Juiz expõe a falta de lógica em cruzada do vice do TCU contra a Lava Jato
Vice do TCU torturou a lógica ao usar especulações para chegar a conclusões em sentido contrário aos fatos, segundo juiz federal
Quando criou o Tribunal de Contas da União, em 1890, o jurista Rui Barbosa, então ministro da Fazenda, ironizava os críticos rogando-lhes um mínimo de lógica entre as suas premissas e as suas conclusões.
Na sexta-feira, o juiz federal Augusto César Pansini Gonçalves demonstrou que o patrono do TCU, provavelmente, repetiria a sua súplica ao atual vice-presidente e corregedor do tribunal de contas, Bruno Dantas.

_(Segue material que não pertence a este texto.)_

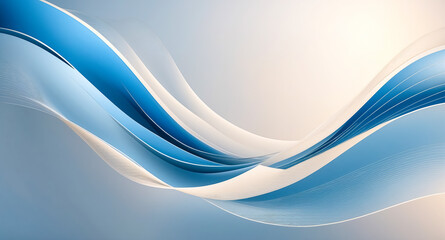 Obraz premium Abstract Blue and White Wave Background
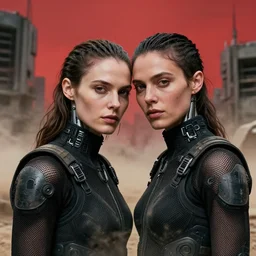 cinestill 5 0 d photographic portrait by steve mccurry of two loving female androids wearing rugged black mesh techwear in a brutalist compound with a red sky, extreme closeup, cyberpunk style, dust storm, 8 k, hd, high resolution, 3 5 mm, f / 3 2, ultra realistic faces, ex machina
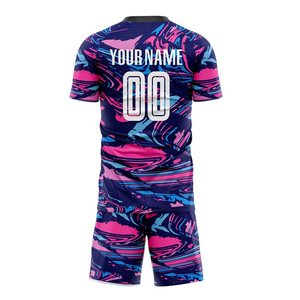 Tenue de football athlétique d'extérieur, kit sportif d'équipe, durable, imprimé, 100 % polyester, séchage rapide, respirant, protection UV, grandes tailles - Product Image 3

Em pelo menos um caso de repercussão na temporada eleitoral, Dantas torturou a lógica ao usar especulações “que aparentemente não são verdadeiras” — indicou o juiz — para chegar a conclusões em sentido contrário aos fatos.
Numa cruzada de ano e meio, ele sustentou no TCU um processo administrativo com o objetivo de punir seis procuradores da República que integraram a força-tarefa da Operação Lava Jato em Curitiba.

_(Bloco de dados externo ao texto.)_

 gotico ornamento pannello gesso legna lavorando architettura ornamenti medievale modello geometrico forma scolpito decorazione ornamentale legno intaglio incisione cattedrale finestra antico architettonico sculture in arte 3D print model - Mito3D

Queria a restituição dos pagamentos de diárias e despesas durante o trabalho na procuradoria, embora a seção do tribunal de contas encarregada do controle externo tivesse alertado sobre a inexistência de irregularidades.

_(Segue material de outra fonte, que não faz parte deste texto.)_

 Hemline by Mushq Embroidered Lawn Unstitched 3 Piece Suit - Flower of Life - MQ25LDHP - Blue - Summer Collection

Dantas extrapolou na condução do processo, segundo o juiz Gonçalves. Alguns exemplos indicados:
* Determinou um inquérito ilegal (Tomada de Contas Especial) contra um funcionário público, Deltan Dallangnol, que nada tinha a ver com as contas sob investigação;
* Avançou no caso apesar das advertências internas sobre a inexistência de irregularidades (“não foram constatados indícios concretos de ato antieconômico para o erário ou de ofensa explícita ao princípio constitucional da eficiência”);
* Contrariou “as próprias decisões” nos autos “de modo surpreendente”;
* Indicou quem deveria ser responsabilizado, mesmo sabendo da ausência de irregularidade;
* Resolveu, “por sua própria iniciativa”, arbitrar o valor a ser ressarcido ao erário sem base técnica;
* Descumpriu deliberações sobre o caso da 2ª Câmara Colegiada do TCU “que, aliás, decorriam de recomendações feitas antes pelo próprio ministro Dantas”;
* Imputou aos funcionários públicos investigados “a pecha de malversadores de recursos públicos”;
* Atribuiu-lhes “a prática do ‘jeitinho brasileiro'”, manejando citações de um artigo publicado pelo juiz Luis Roberto Barroso, do Supremo Tribunal Federal;
* Misturou “fatos investigados com outras controvérsias”;
* Por fim, “pareceu prejulgar o caso, e em termos peremptórios, denotando, com esse comportamento, uma suposta falta de impessoalidade”.
Aplicando a lógica há muito reivindicada por Rui Barbosa, o juiz Gonçalves suspendeu o processo do TCU contra os procuradores da Lava Jato.
Numa ironia, a sentença expõe Dantas como autor de um desses impulsos mordazes contra a confiança na realidade — definição para fake news que ele elaborou em artigo escrito em 2020 para a Fundação Getulio Vargas (“Entre a certeza e o cinismo: se Deus não existe, tudo é permitido? O papel das Cortes de Contas na preservação da verdade em tempos de fake news”).